Contains: autoencoder and predictions for RAP1 binding sites.
.
├── README.md
├── requirements.txt
├── various .png
│ ...
├── NNfxns
│ ├── neural_network.py
│ ├── auto.py
│ └── train.py
├── test
│ └── test_auto.py
└── Jupyter notebook
├── 8x8 reconstruction
└── other workflow
Any dependencies noted in requirements.txt.
Autoencoders are a type of feedforward neural networks where the input is the same thing as the output. Basically, they will take the input and squish it into a low dimension summary code that represents what should be reconstructed in the output. To make an autoencoder (and later on a neural network), one needs at least three things: (1) an encoding method, (2) a decoding method, and (3) a loss function. The encoder and decoder are fully connected feedforward NN, while the code is a single layer of artificial NN that has a hyperparameter-defined number of nodes. Additional hyperparameters that should be set before training are: (1) code size, (2) number of layers, (3) number of nodes per layer, and (4) a loss function like MSE or binary crossentropy. Some of those hyperparameters were already set for us in this final…
Implementation: reconstructing an 8x8 identity matrix with an autoencoder containing 3 hidden neurons
The 8x3x8 autoencoder used specifically to process the 8bit data can be found here auto.py.
The input is represented here for ease of testing by others eightBit.txt.
The function that produces the reconstruction is here test_auto.py.
The input for this autoencoder was as an 8x8 identity matrix made using

which makes this
If you see nothing, see: 8by8code.png and 8by8.png.
Then the autoencoder vectorizes (ie. reduces the dimension of) the input in a bitwise fashion for the hidden layer(pretty much all of the work is done for the autoencoder already!).
Then that hidden, reduced encoding is processed by the decoding layer to give an output like the following:
Also here: test_auto.png or viewable in Jupyter notebook.
Its not pretty, but this seems to do pretty well given that I've added quite a bit of noise to the autoencoder. There seems to be some difference in learning activation for the central section, but I'd say its decent enough since this part doesn't need to be perfect.

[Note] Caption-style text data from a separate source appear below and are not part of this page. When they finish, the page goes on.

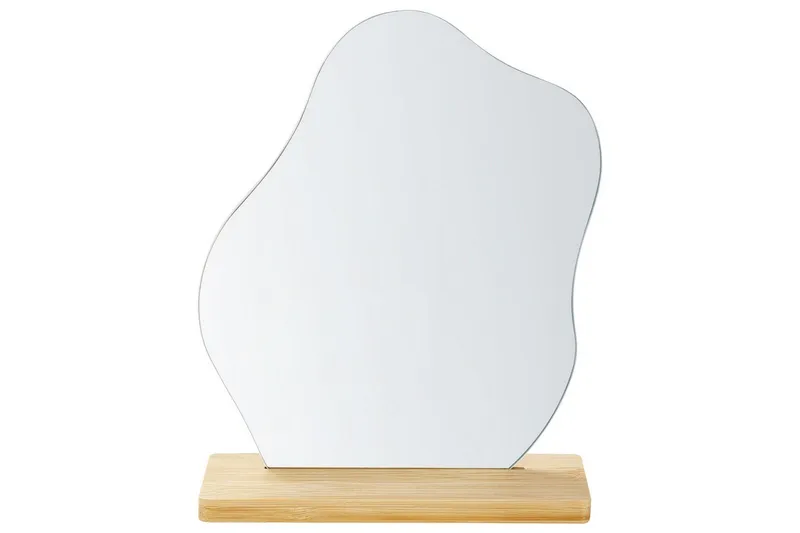 Golvspegel Beliani Lozere Light colored wood, undefined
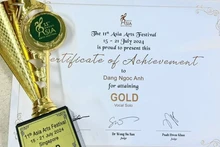 Dang Ngoc Anh wins gold at 2024 Asia Arts Festival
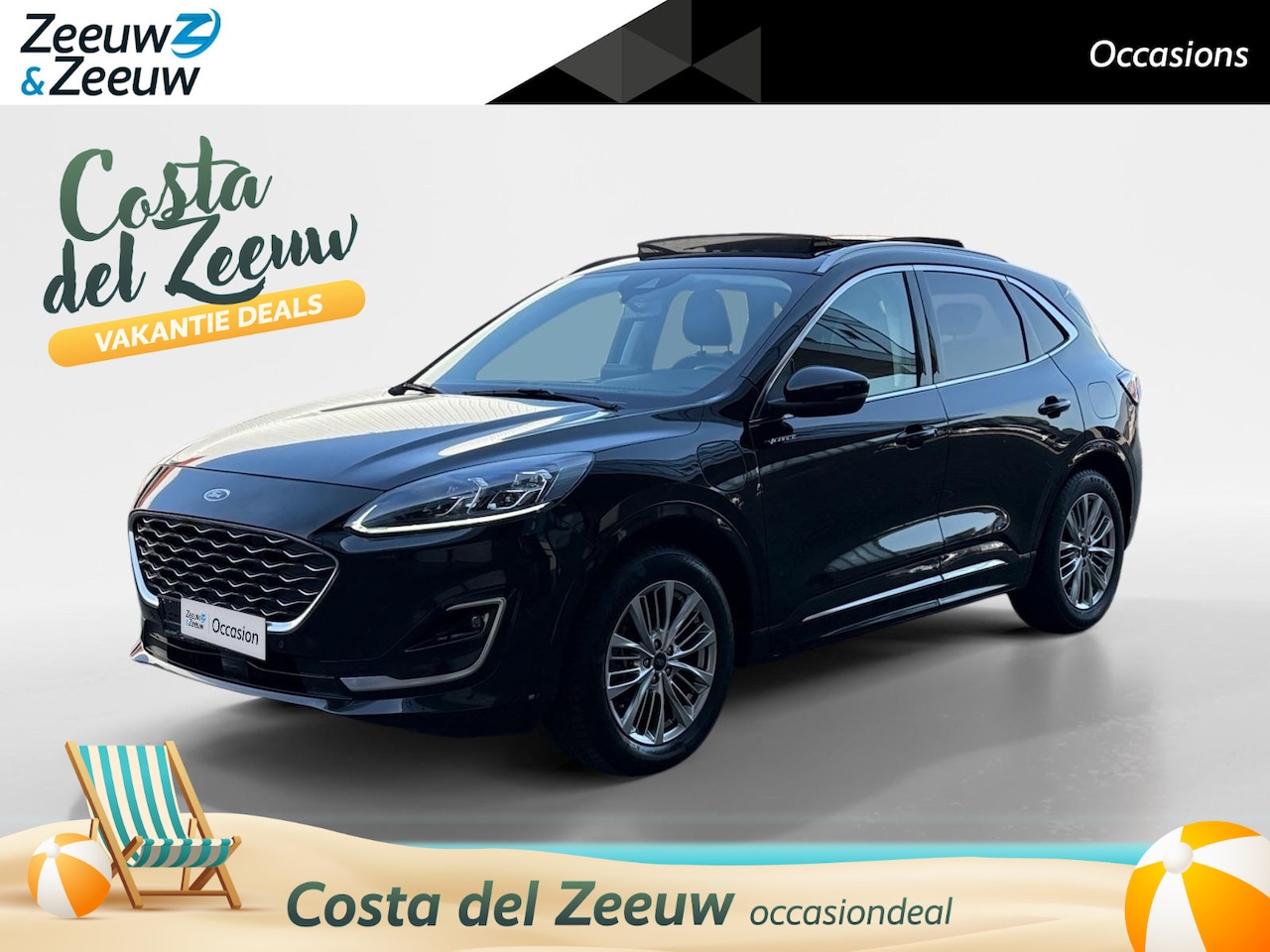 Ford Kuga - 2.5 PHEV Vignale | Navigatie | Stoel/Stuur/Voorruitverwarming | Schuif/Kantel Dak | B&O Au - AutoWereld.nl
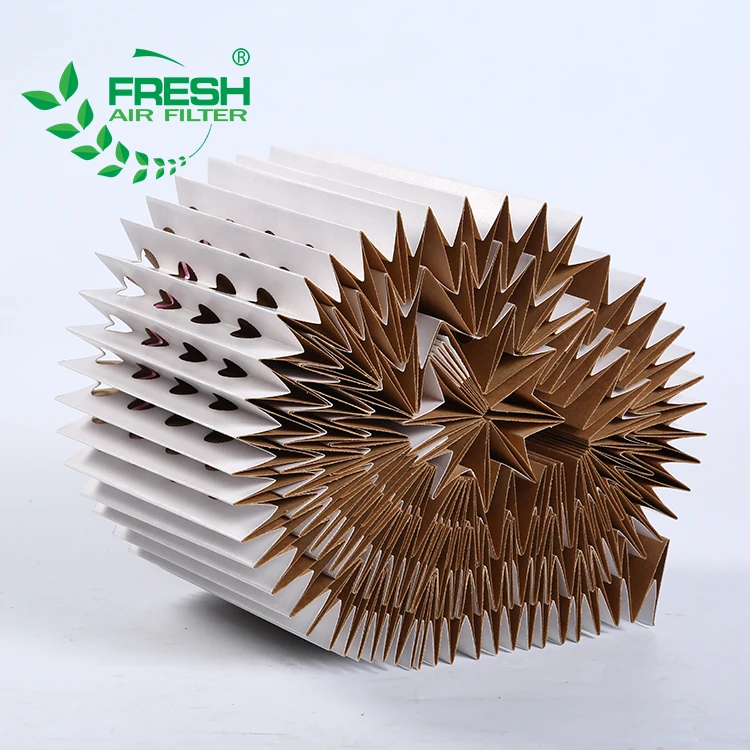 Folded dry-type filter paper for spray booth paint booth price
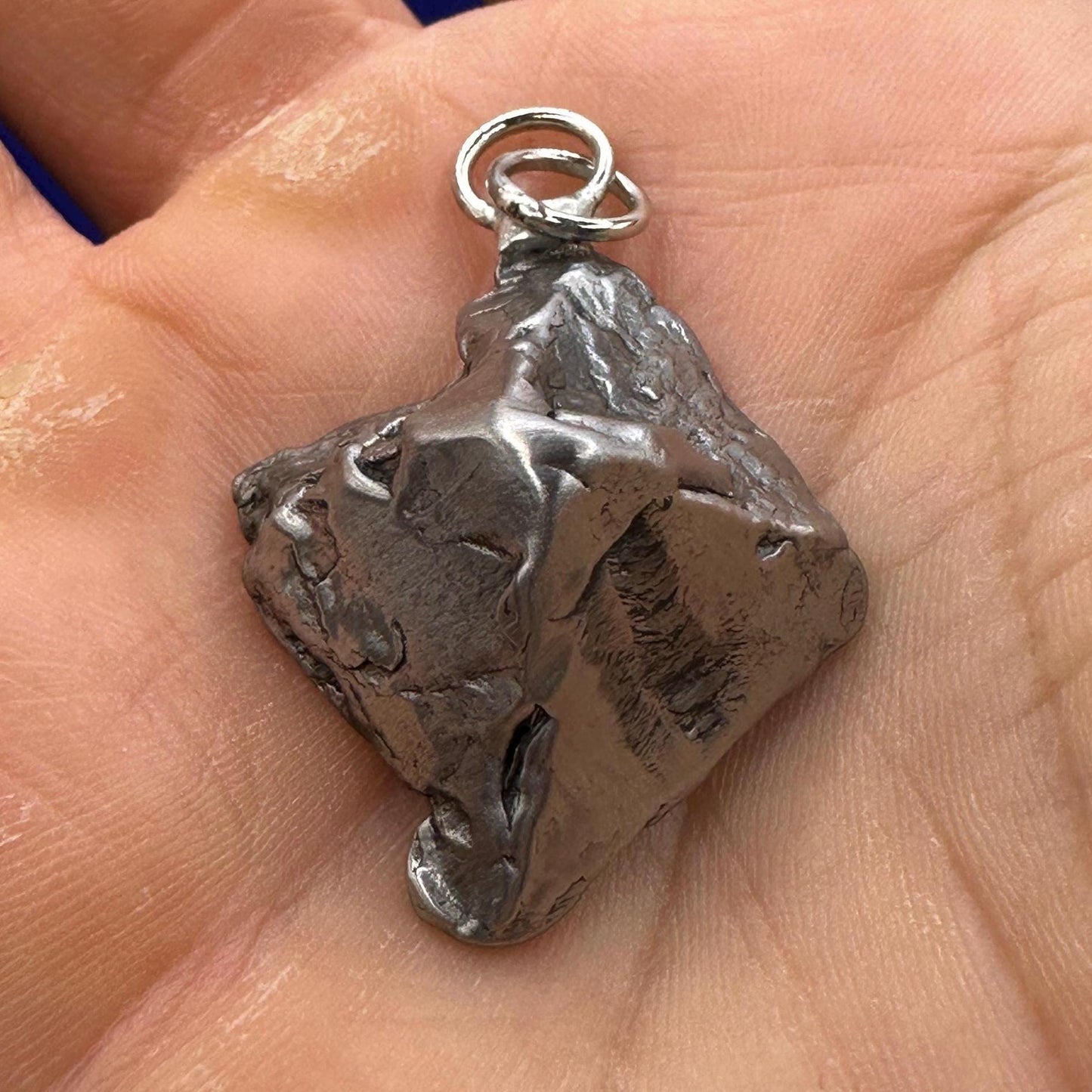 Beautiful Aletai Meteorite Pendant, 15.38 grams, Astronomy Gift, Authentic Meteorite, Meteorite Jewelry, Meteorite Pendant, COA, Space Gift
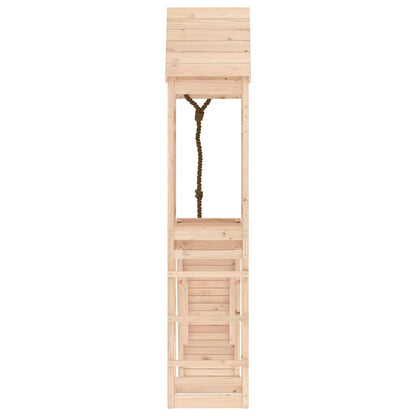 vidaXL Spielturm mit Kletterwand Massivholz Kiefer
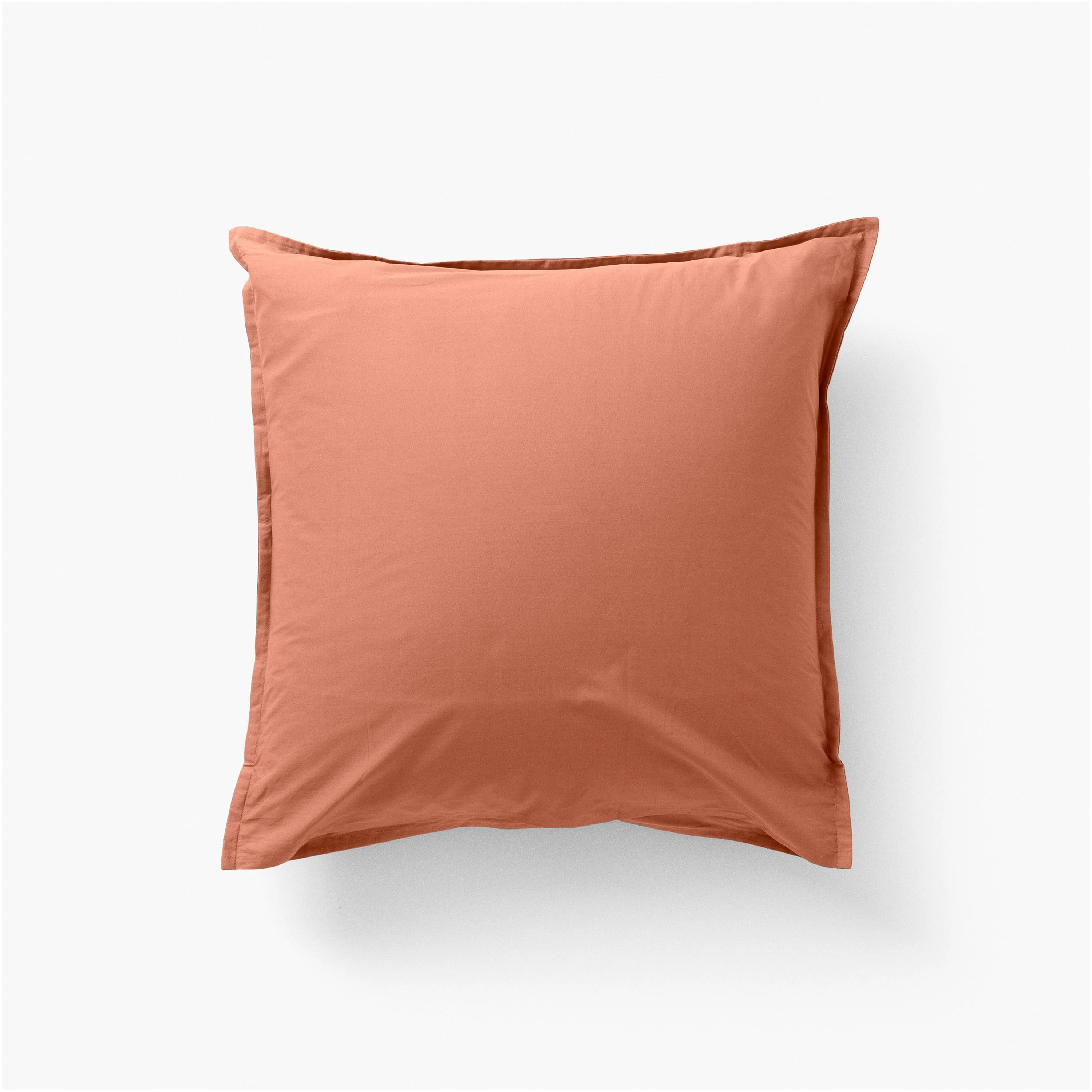 Neo Square Cotton Percale Pillowcase - Terracotta - Image 2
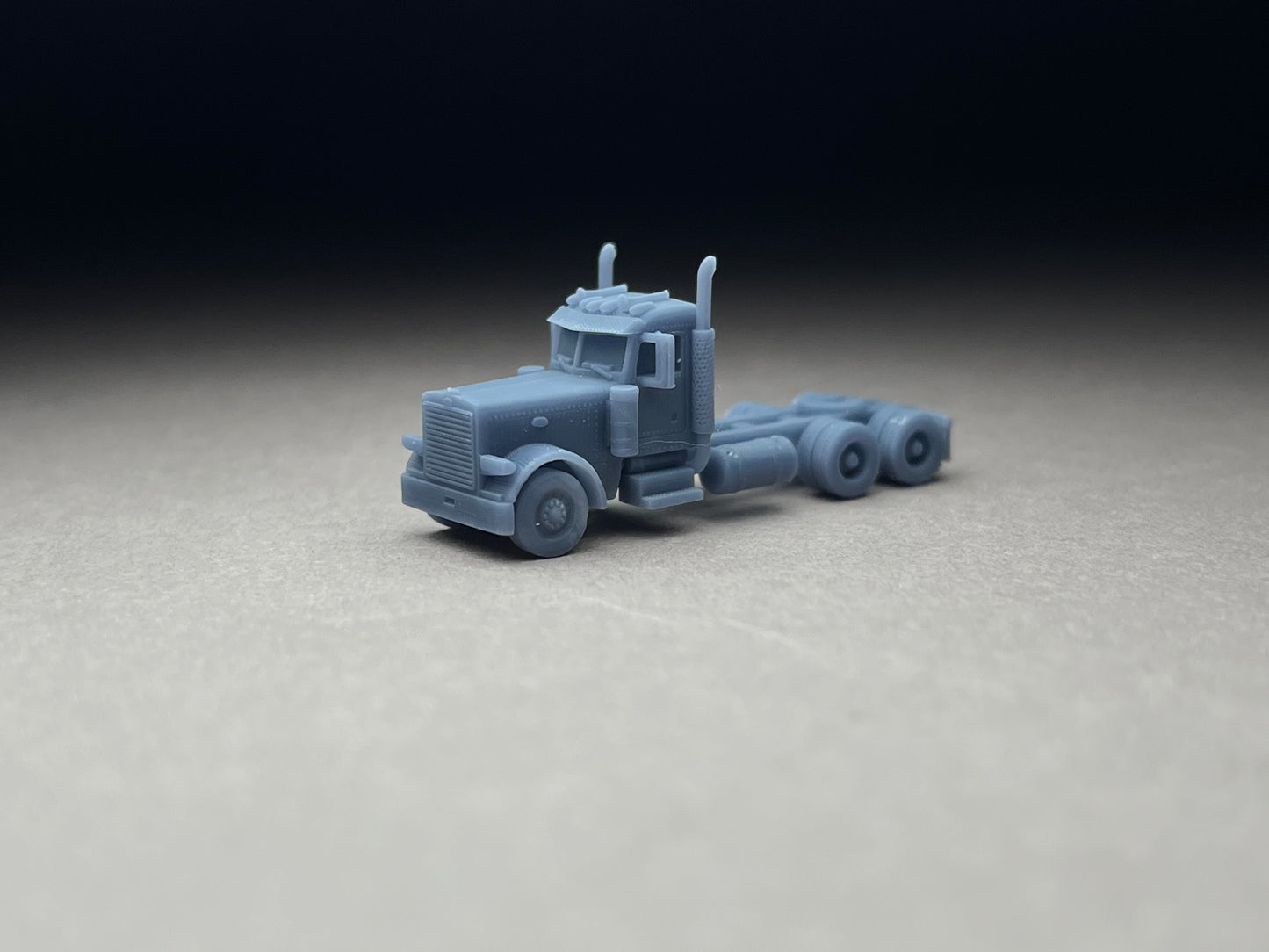Z Scale (1:220) UNPAINTED p379, Long nose, Flattop sleeper, 265 wheelbase, straight stacks - NOT a toy! (Copy)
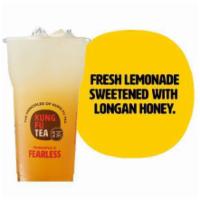 Honey Lemonade · Longan Honey and fresh lemon mixed to perfection. Sour and Sweet.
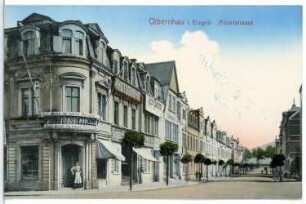 Olbernhau. Albertstraße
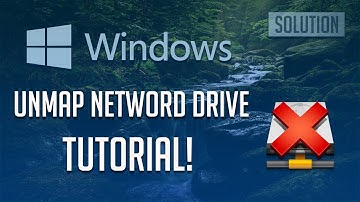 How to Unmap a Network Drive in Windows 10/8/7 - [Tutorial]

How one prepares the NN data is probably one of the more imporant parts to getting reasonable predictions; "crap in, crap out" as they say.
There are ~137 positive sequences each with 17 nucleotides that describe RAP1 binding sites. Its possible that our negatives, which are ~1000 nucleotides long, contain at least partial positives. Thus, we may see some terrible predictions if our negatives aren't really negatives.
One way to do that might be breaking up the negatives into 17 nucleotide chunks and comparing it with the positive set over and over (ie. recycle them) until one runs through the all the distinct negatives. See line 57 in train.py.
partitions = int(args['<partitions>']) #partitions: the number of different parts we should make for cross-validation
neg_division = len(negative_sites) / float(partitions) # how many partitions we can make from the sites given
neg_randomly_partitioned_list = [negative_sites[int(round(neg_division * i)): int(round(neg_division * (i + 1)))]
for i in range(partitions)] # makes a list of those partitions thru each site
pos_division = len(positive_sites) / float(partitions) # ditto ^^
pos_randomly_partitioned_list = [positive_sites[int(round(pos_division * i)): int(round(pos_division * (i + 1)))]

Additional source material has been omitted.